## EXTRACTED ENTRIES
+-------+

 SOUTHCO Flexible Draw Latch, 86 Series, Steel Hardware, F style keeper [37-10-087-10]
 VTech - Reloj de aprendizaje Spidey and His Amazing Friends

+-------+

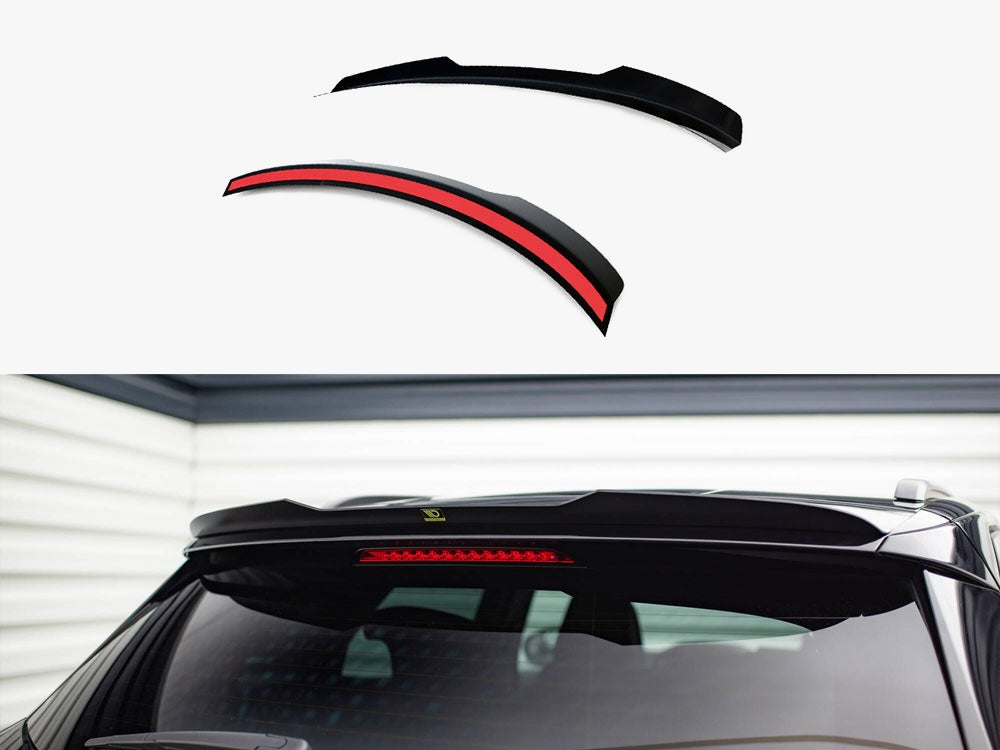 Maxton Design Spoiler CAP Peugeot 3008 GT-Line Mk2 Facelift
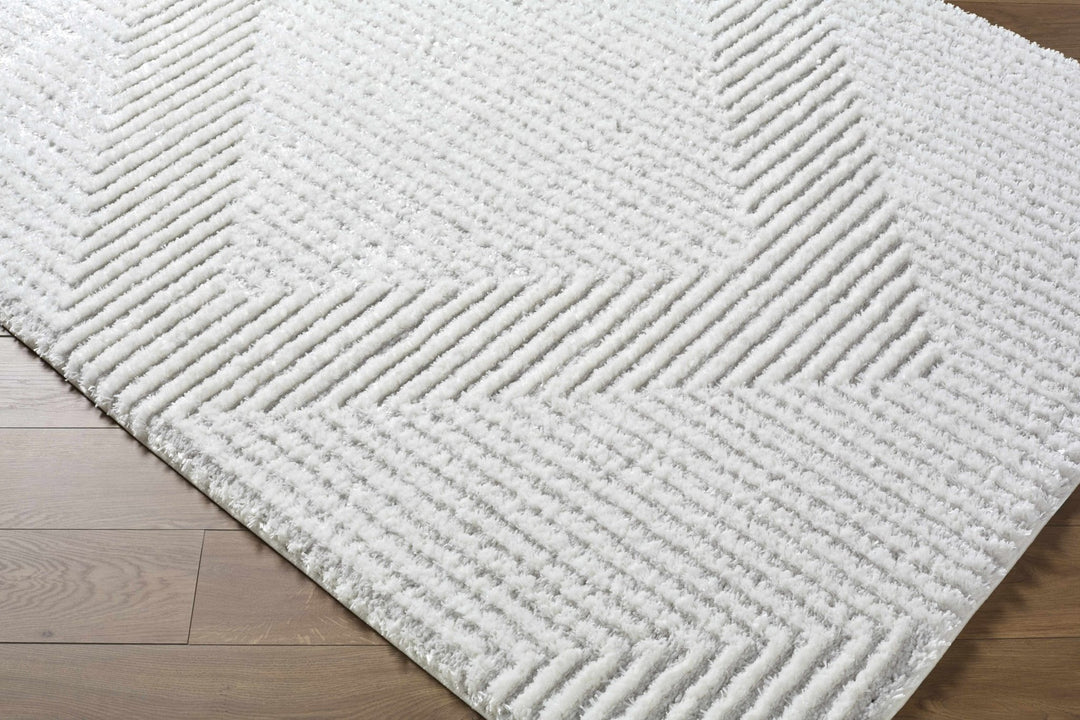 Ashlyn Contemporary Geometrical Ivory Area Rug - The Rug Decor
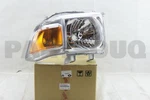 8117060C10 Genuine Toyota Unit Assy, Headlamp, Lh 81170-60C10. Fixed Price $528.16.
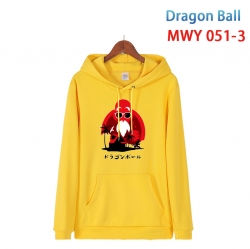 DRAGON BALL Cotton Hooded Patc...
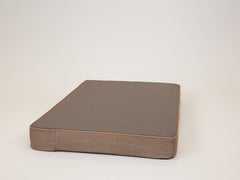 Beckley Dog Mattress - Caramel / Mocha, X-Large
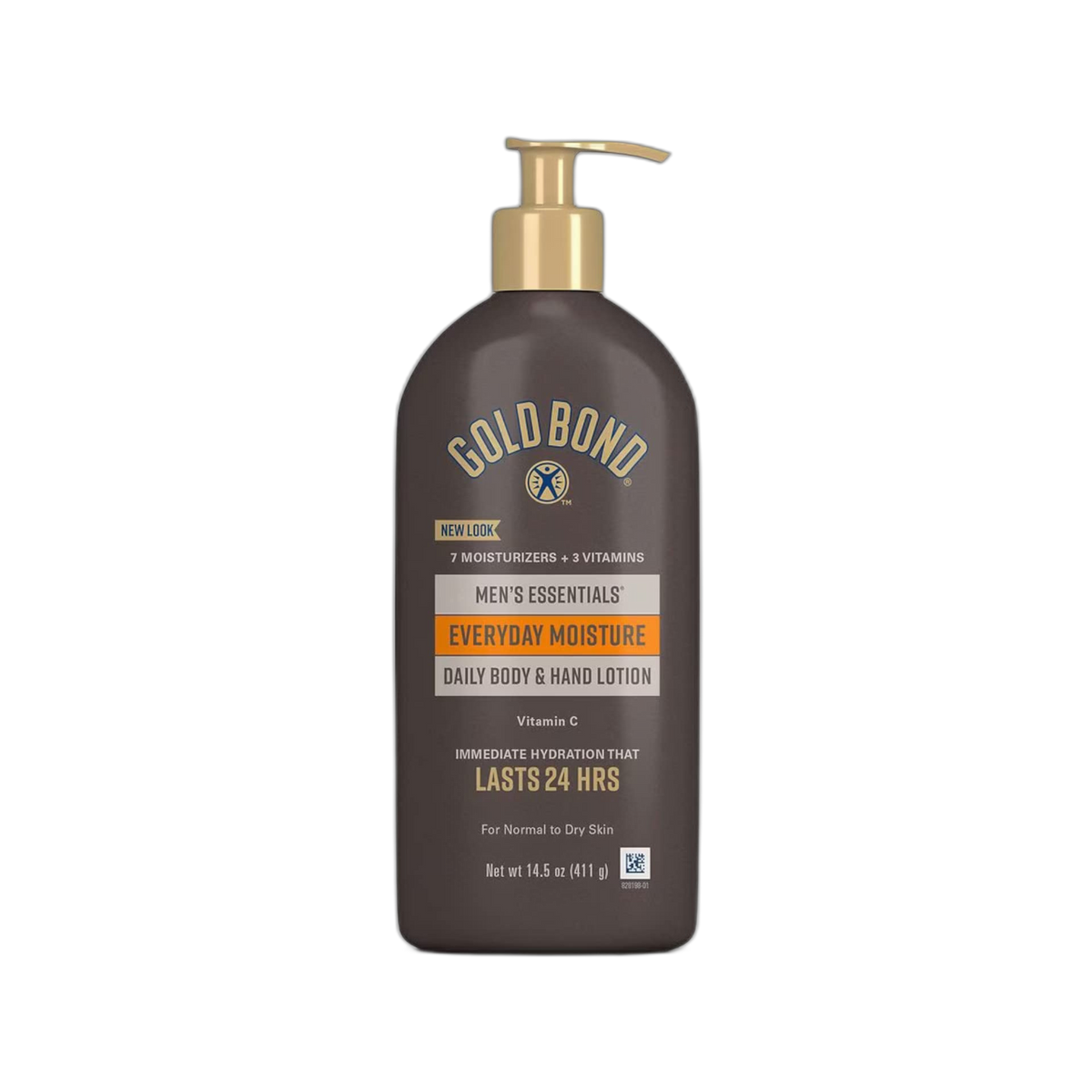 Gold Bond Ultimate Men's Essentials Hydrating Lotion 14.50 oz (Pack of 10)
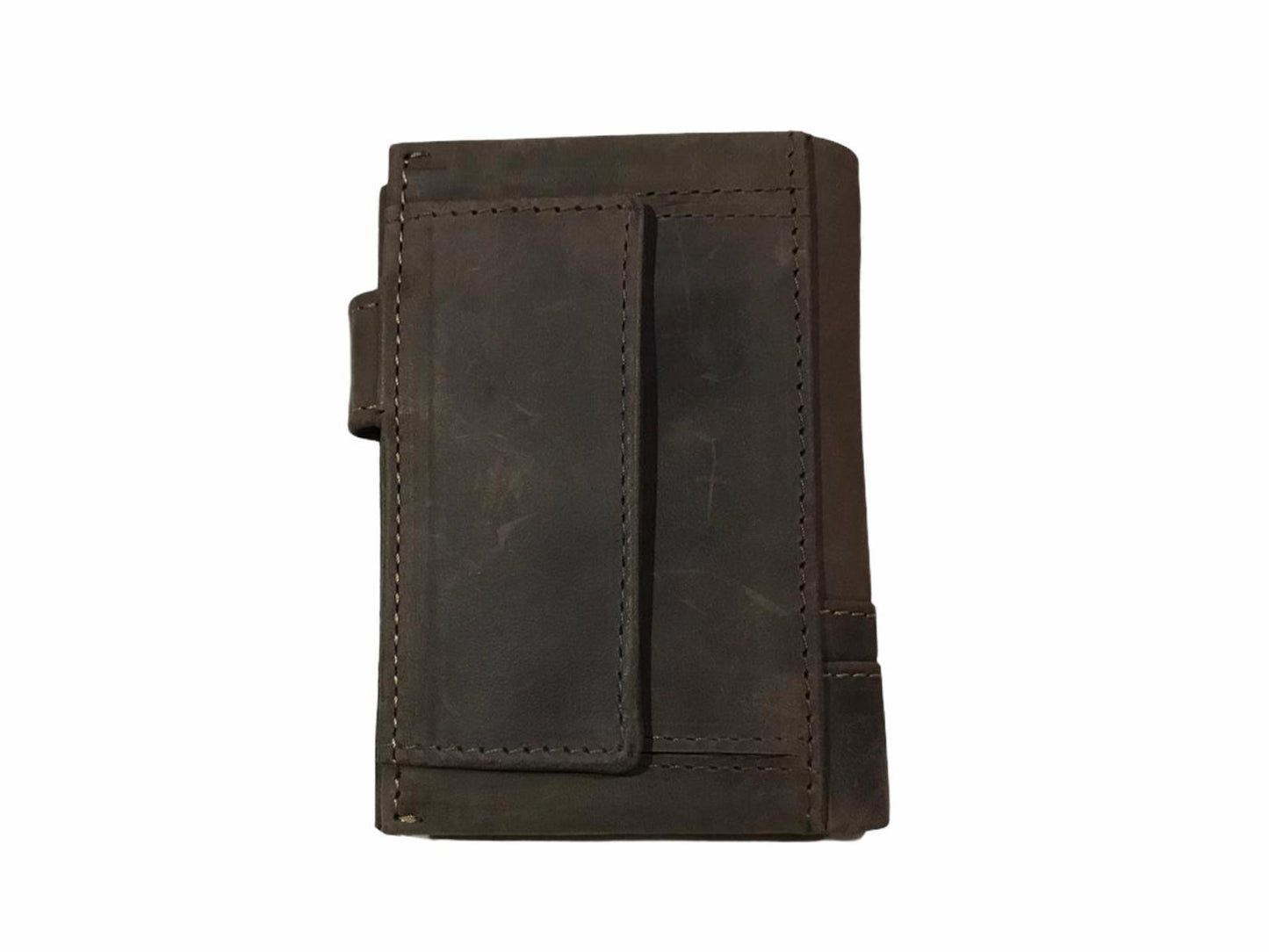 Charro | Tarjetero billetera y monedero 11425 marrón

+-------+

## AIM OF THE EXERCISE
Reprint exactly the lines above that start at the one with "SOUTHCO Flexible Draw" and end at the one with "VTech - Reloj", keeping both and adding none.

## EXERCISE ANSWER
 SOUTHCO Flexible Draw Latch, 86 Series, Steel Hardware, F style keeper [37-10-087-10]
 VTech - Reloj de aprendizaje Spidey and His Amazing Friends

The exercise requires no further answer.